*** Opening Data excerpt ***
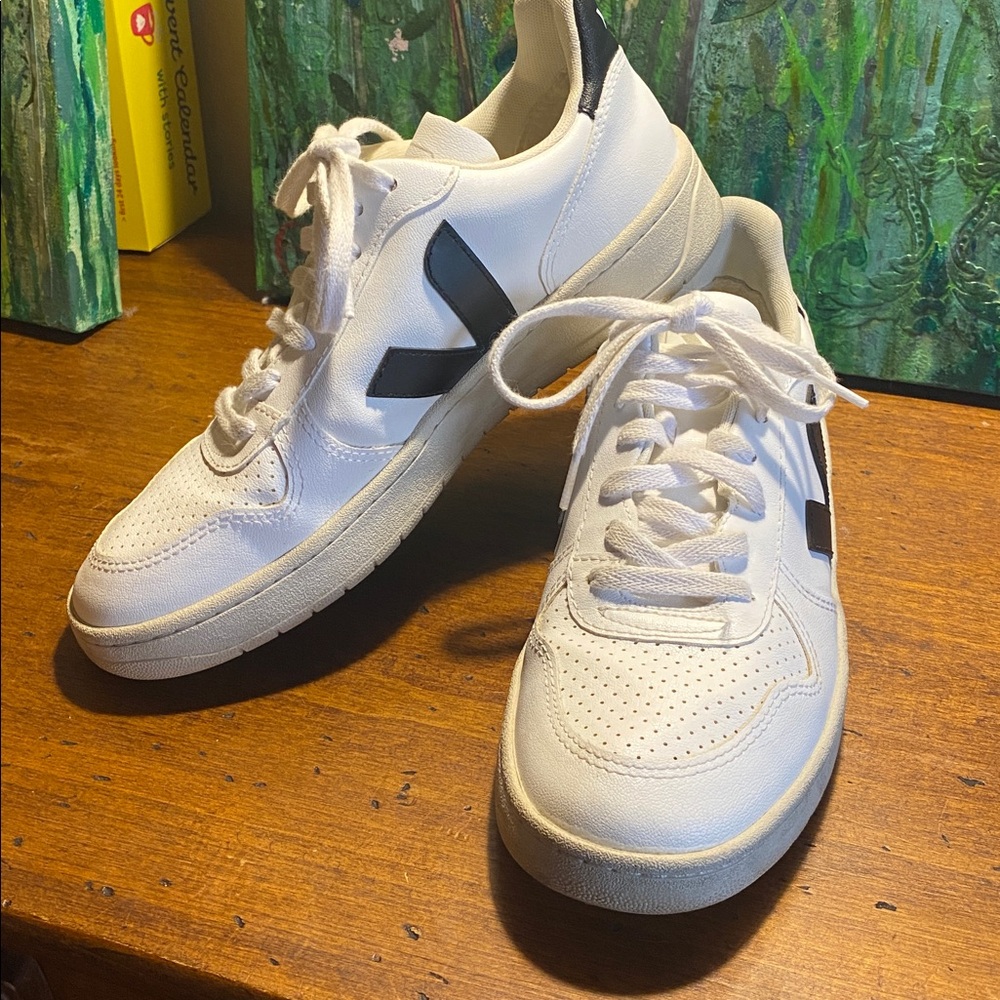 Veja Women’s Sz 41 (10) White and Black Sneakers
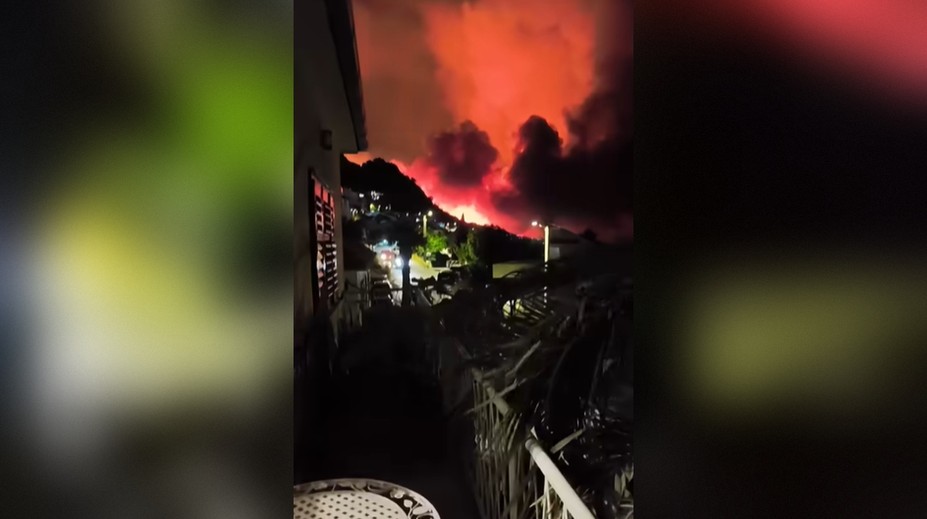 VIDEO: Požiar v Chorvátsku sa rozšíril. Pri Splite evakuovali domácich aj turistov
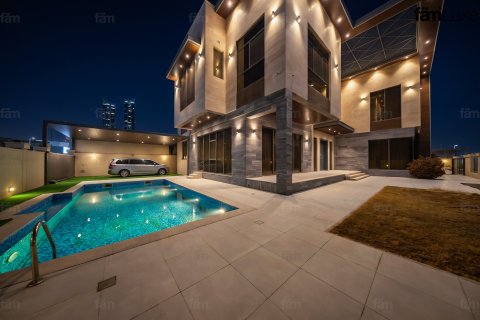 Villa en Al Barsha, Dubai, 7 dormitorios, 878.4 m², № 139136 - foto 11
*** Closing Data excerpt ***
(Instructions for the task) The answer should match the material exactly, with every picture removed.

(Reply)
 Veja Women’s Sz 41 (10) White and Black Sneakers
 VIDEO: Požiar v Chorvátsku sa rozšíril. Pri Splite evakuovali domácich aj turistov
 Villa en Al Barsha, Dubai, 7 dormitorios, 878.4 m², № 139136 - foto 11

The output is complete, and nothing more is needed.